The Larrakia people, whose country includes areas in and around Darwin, Palmerston and Litchfield in the Northern Territory, sought a declaration of native title in the Federal Court.  The native title claim was over an area of land which was once granted in fee simple but had later reverted to vacant Crown land.  On appeal, the High Court considered whether native title could still exist over land which was once granted in fee simple but later reverted to vacant Crown land.  The High Court held that native title was extinguished by freehold grants and that the extinguishment was permanent. 

Legislation 

Native Title Act 1993 (Cth) 

Cases 

Fejo and Mills v Northern Territory and Oilnet (NT) Pty Ltd [1998] HCA 58 (10 September 1998) 

The Decision  

Summary by Lisa Strelein, Manager, Native Title Research Unit. 

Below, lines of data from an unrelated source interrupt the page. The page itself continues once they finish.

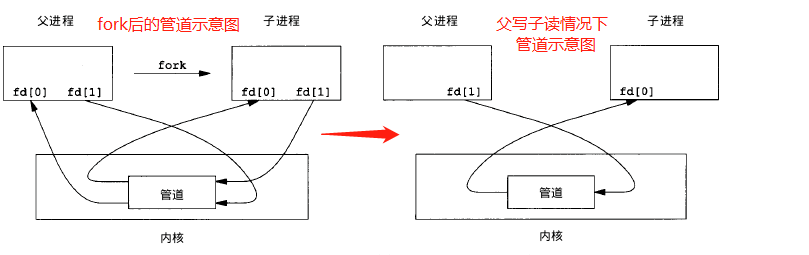 ../../../../_images/image-20210114085732841.png
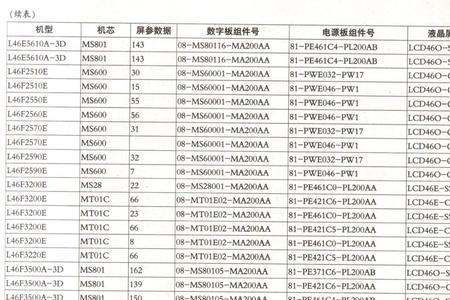 aj和万斯尺码对照表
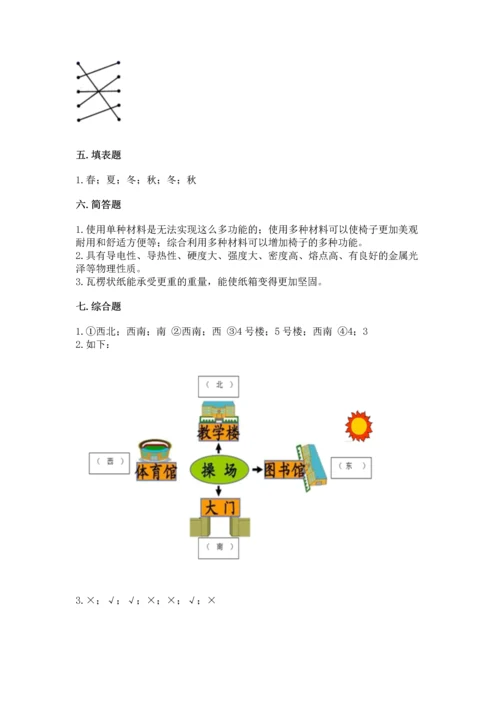 教科版二年级上册科学期末测试卷精品（基础题）.docx
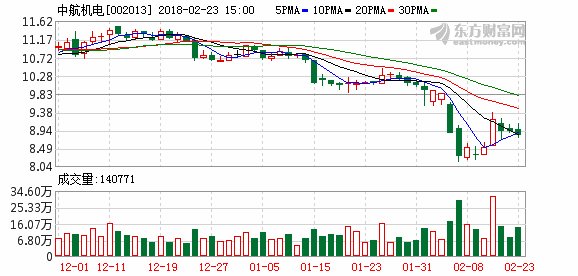 国海证券:中航机电买入评级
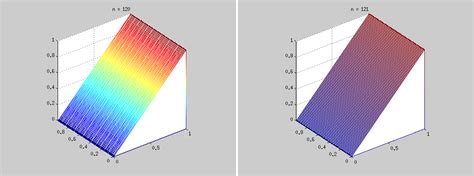3d Matlab Stops Interpolating Colors On A Mesh Correctly If It Is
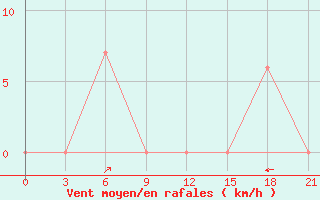 Courbe de la force du vent pour Karaikal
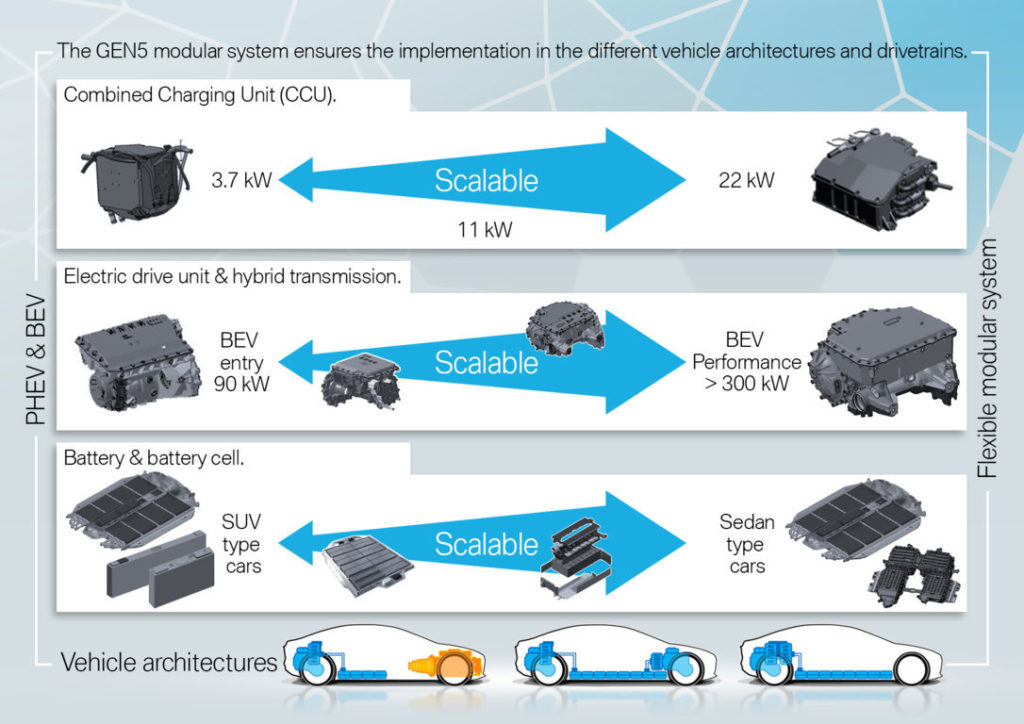 BMW iX3 G08 2021 Electric Drivetrain - BMW eDrive 5th Generation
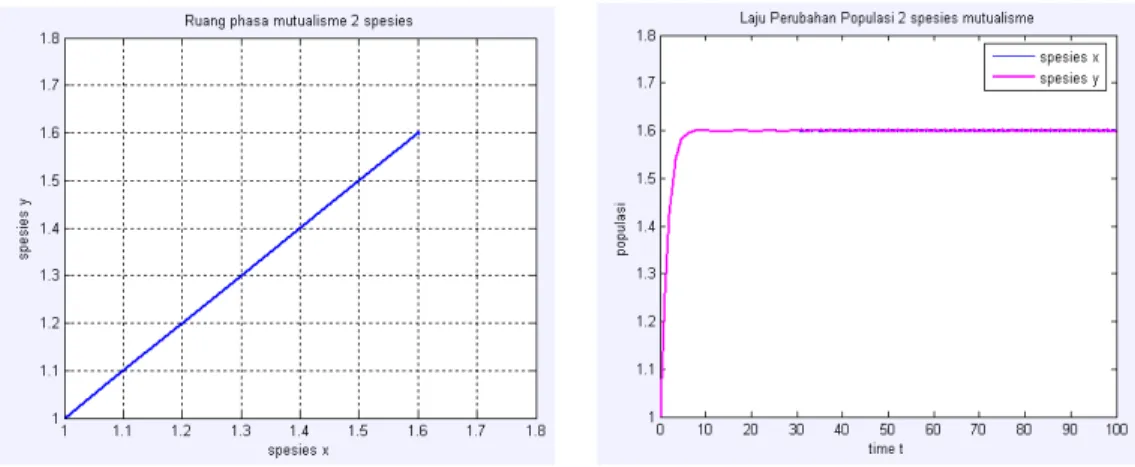 Gambar 5. (a) Grafik ruang fase bidang xy dengan kondisi awal x = 1, y = 1 dan t = 100 (b) Grafik  laju populasi dengan kondisi awal x = 1 dan y = 1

In December 1997, the Larrakia people sought a declaration in the Federal Court that native title exists in relation to particular lands and that the Larrakia people are the native title holders in respect of those lands. This was in response to the granting of Crown leases, with an option to acquire freehold, over lands within the area subject to an application for a determination of native title. The area in dispute was once granted in fee simple, but later reverted to vacant Crown land. The Larrakia argued that the Northern Territory government was required by the Native Title Act 1993 (Cth) to either negotiate with the Larrakia or to compulsorily acquire their native title. 

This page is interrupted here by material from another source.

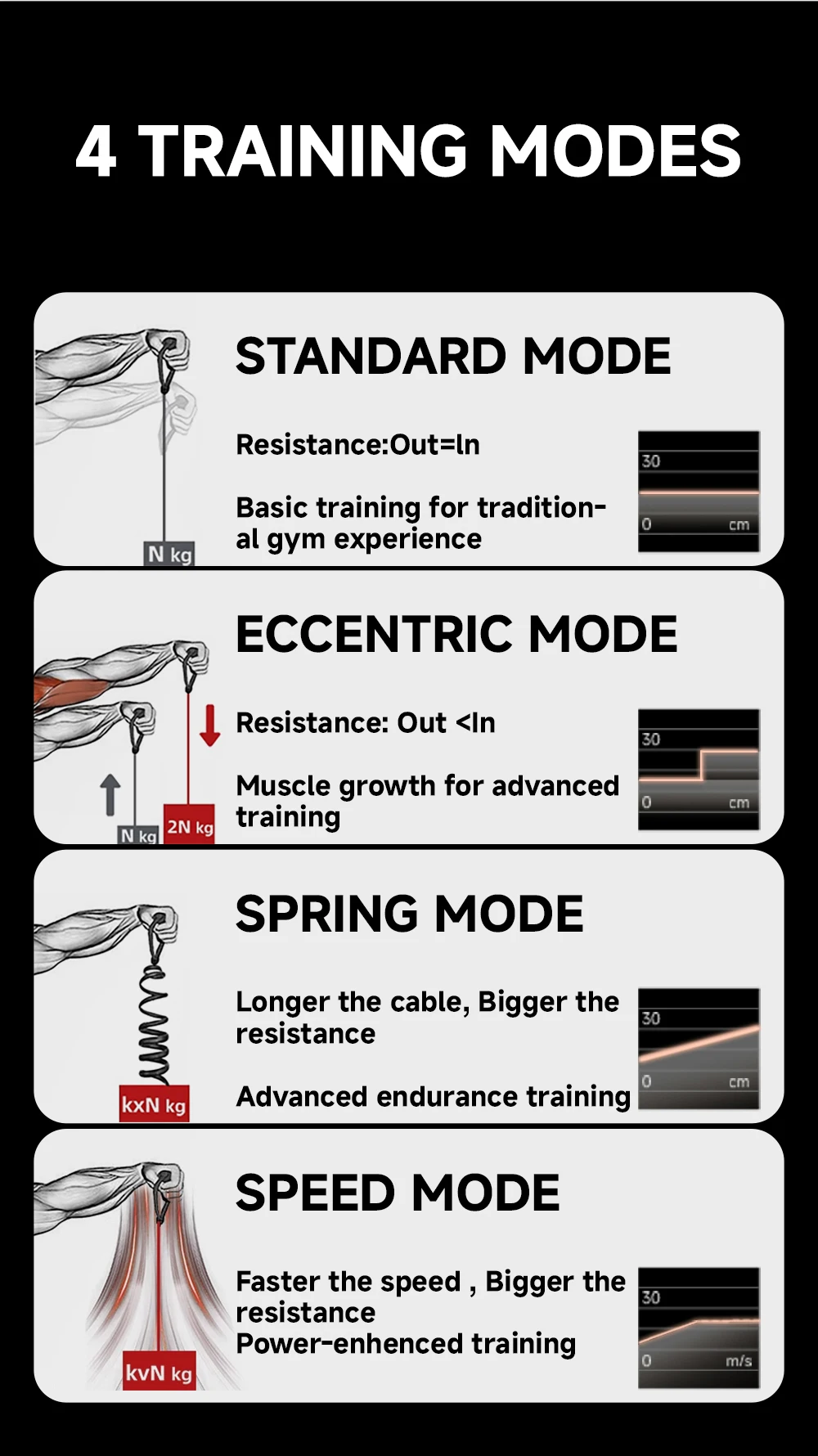 RH Commercial Use And Home Use Fitness Equipment Home Gym Multifunction Machine 4 Station Home Gym With Squat Machine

The High Court was asked to consider whether a grant of freehold or fee simple was effective to extinguish all native title rights and interests so that, upon the land being re-acquired by the Crown, no native title rights and interests could then be recognised by the common law. The case raises two important issues. The first issue is whether a grant of freehold extinguished native title so that no form of native title can co-exist with freehold title. The second question is whether extinguishment was permanent and absolute or whether there was potential for native title under the common law to be re-recognised or to 'revive' when the land returned to the Crown. The case also dealt with the issue of injunctive relief available outside the operation of the Native Title Act 1993

Held

1. Native title is completely extinguished by the grant of a freehold estate. The rights granted under fee simple are inconsistent with the continued existence of any form of native title and no coexisting or concurrent rights can survive. 

2. The grant of freehold extinguishes native title permanently regardless of the land being held by the Crown in the future. 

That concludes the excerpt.